Brandi Bishop-Phelps
i cannot erupt as lily bloom
do not ask me to
strapless summer dresses grazing unbent knees
run me down the side of the valley in moss
fern
bent branches
snap me from tree-limbs and do not recite your great aunt’s wisdom in paper syntax
snapdragons are for planting in old tires in forgotten side yards in patchy earth
i will run my hands along the ridges and lean into the bees
do you remember the bees?
they hum as scribes.
telling stories of why they are dying and how
sweet the black raspberry tastes to a mortal proboscis
we tell the bees and they tell us
no one is listening. they write it in honey and feed it to us
i spread myself as nettle
do not pretend i cannot
pricking my own palms in rustling gestures
an intentional fledging pushed out of wild northern nests
tumbling
silver maple seed
crush me as bolted basil in forgotten pots and stop your proselytizing.

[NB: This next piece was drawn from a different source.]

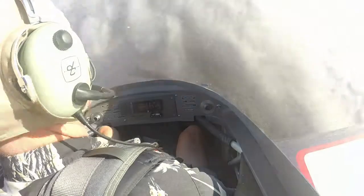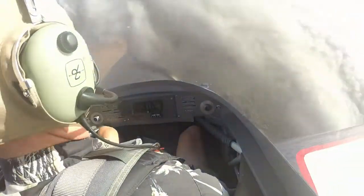Now notice it's more nose low, isn't it? Notice the airspeed's up around 80.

i was the one there when they cut down the old willow
i watched the callous way they tore through her gown
ran steel along her roots
this is why i cannot believe anything
i will not erase measureless springs
do not ask again
i have buried dandelions in the folds of my arms
dried coneflower against my skin for un-winged pollinators
mustards and mulberries
pressed in memorandum
No. fold me rooted beneath a Douglas fir and do not speak at all.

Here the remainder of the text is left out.